1.[1] C'est ainsi que se termina cette guerre ; mais il advint que la tribu de Dan eut à souffrir d'épreuves analogues ; voici ce qui la mit dans cette situation. Comme les Israélites avaient déjà abandonné l'exercice de la guerre et s'étaient adonnés aux travaux agricoles, les Chananéens, les considérant avec mépris, rassemblèrent leurs forces, non qu'ils redoutassent aucun mal pour eux-mêmes, mais, ayant acquis le ferme espoir de causer du dommage aux Hébreux, ils comptaient désormais habiter leurs villes en sécurité. Aussi se mirent-ils à équiper des chars et à enrôler des troupes ; leurs villes s'accordèrent ensemble ; ils arrachèrent à la tribu de Juda Ascalon et Accaron et beaucoup d'autres villes de la plaine ; ils forcèrent les Danites à se réfugier dans la montagne et ne leur laissèrent pas dans la plaine la moindre place où poser le pied. Ceux-ci[2], incapables de faire la guerre et n'ayant pas de territoire suffisant, envoient cinq hommes d'entre eux dans l'intérieur des terres à la découverte d'une région qu'ils puissent coloniser[3]. Les envoyés, parvenus non loin du mont Liban et de la plus petite des sources du Jourdain, dans la grande plaine, à une journée de marche de la ville de Sidon, et ayant reconnu une terre excellente et très fertile, en informent leurs frères. Ceux-ci, s'empressant d'y aller avec une armée, y fondent une ville Dan(a), ainsi appelée du nom du fils de Jacob, qui était aussi le nom de leur tribu.

[1] Juges, I, 34 ; Josué, XIX, 40.

[2] Ibid., XVIII, 1, 2, 7, 8-10, 29.

[3] Josèphe laisse tout à fait de côté l'histoire de Micha, qui est contée au ch. XVII des Juges et se mêle, dans le ch. XVIII, au récit de l'expédition des Danites.

Les Israélites sous la domination des Assyriens.

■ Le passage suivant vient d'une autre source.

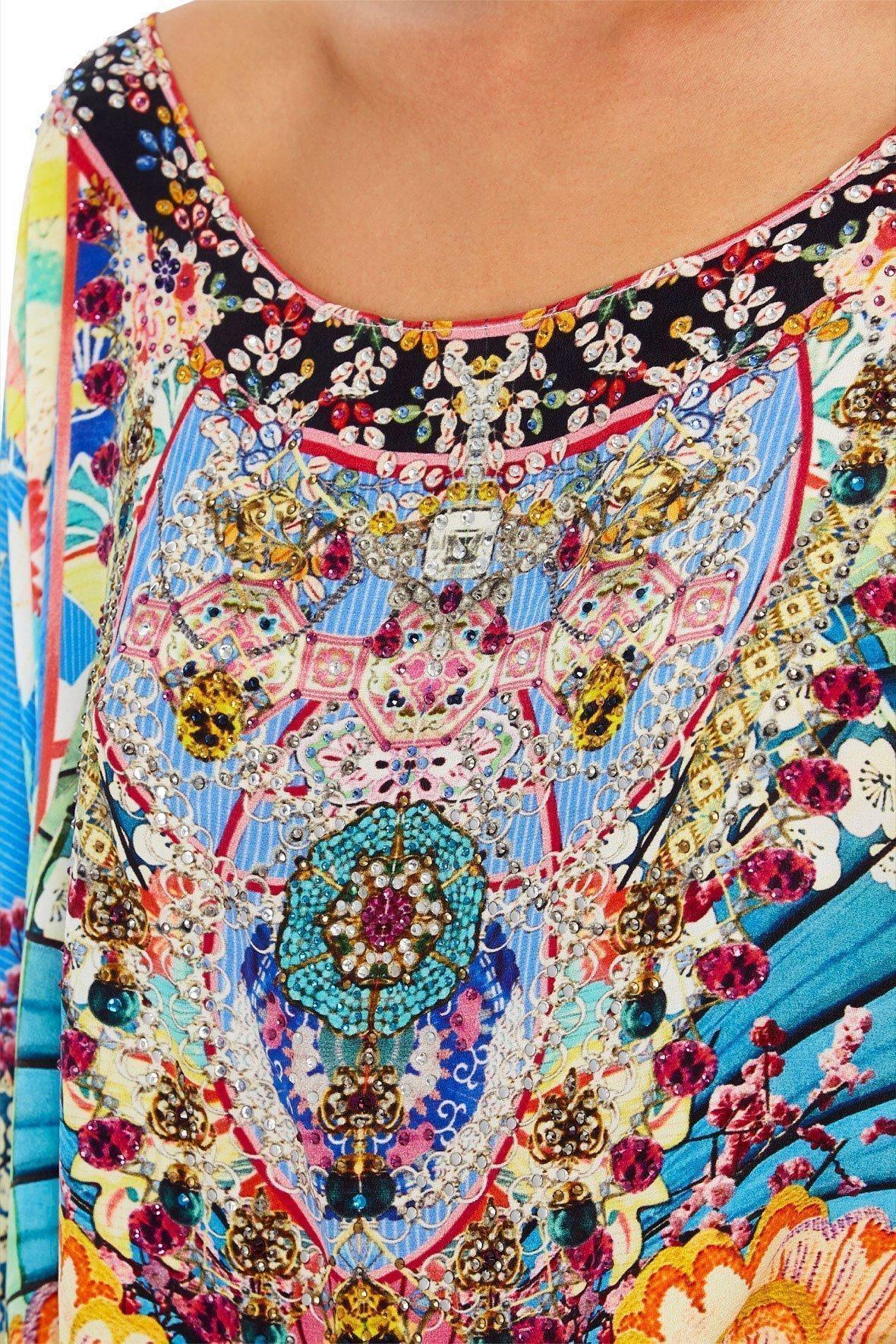 Camilla Miso In Love Round Neck Kaftan One Size - Image 4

2.[4] Mais la situation des Israélites allait de mal en pis, parce qu'ils avaient perdu l'habitude de l'effort et négligeaient le culte de la divinité ; en effet, une fois éloignés de la discipline de leur constitution, ils se laissaient entraîner à vivre selon leur plaisir et leur fantaisie individuelle ; de sorte qu'ils s'abandonnèrent entièrement aux vices qui avaient cours chez les Chananéens. Aussi Dieu se courrouce-t-il contre eux, et toute la prospérité qu'ils s'étaient acquise au prix de mille labeurs, ils la perdirent par la volupté. En effet, Chousarsathos[5], roi des Assyriens[6], ayant fait une expédition contre eux, beaucoup périrent dans des batailles, et des sièges énergiques eurent raison de leurs villes[7]. Il y en eut qui, par crainte, se rendirent à lui spontanément ; ils furent obligés de payer des tributs au-dessus de leurs moyens et ils subirent toutes sortes d'injures durant huit ans. Mais ensuite ils furent délivrés de leurs maux de la façon suivante.

[4] Juges, III, 5.

[5] Hébreu : Kouschan-Rischathaïm.

[6] Roi d'Aram, selon la Bible.

[7] Juges, III, 9.

Keniaz les délivre.

3. Un homme de la tribu de Juda, du nom de Keniaz(os)[8], plein d'activité et de noblesse d'âme, averti par un oracle de ne pas regardez avec indifférence la détresse des Israélites, mais d'essayer de relever leur liberté, après avoir exhorté à s'associer à ses dangers quelques hommes — il ne s'en trouva qu'un petit nombre qui avaient honte de l'état de choses présent et aspiraient à en changer —, commence par massacrer la garnison de Chousarsathos qui était chez eux ; puis, comme un plus grand nombre de combattants se joignait à eux, parce que les débuts de l'entreprise n’avaient pas mal réussi, ils engagent le combat avec les Assyriens et, les ayant complètement repoussés, les obligent à repasser l'Euphrate. Keniaz, qui avait ainsi donné une preuve effective de sa vaillance, reçoit pour récompense le pouvoir de la part du peuple, afin de juger la nation. Et après un gouvernement de quarante ans, il meurt.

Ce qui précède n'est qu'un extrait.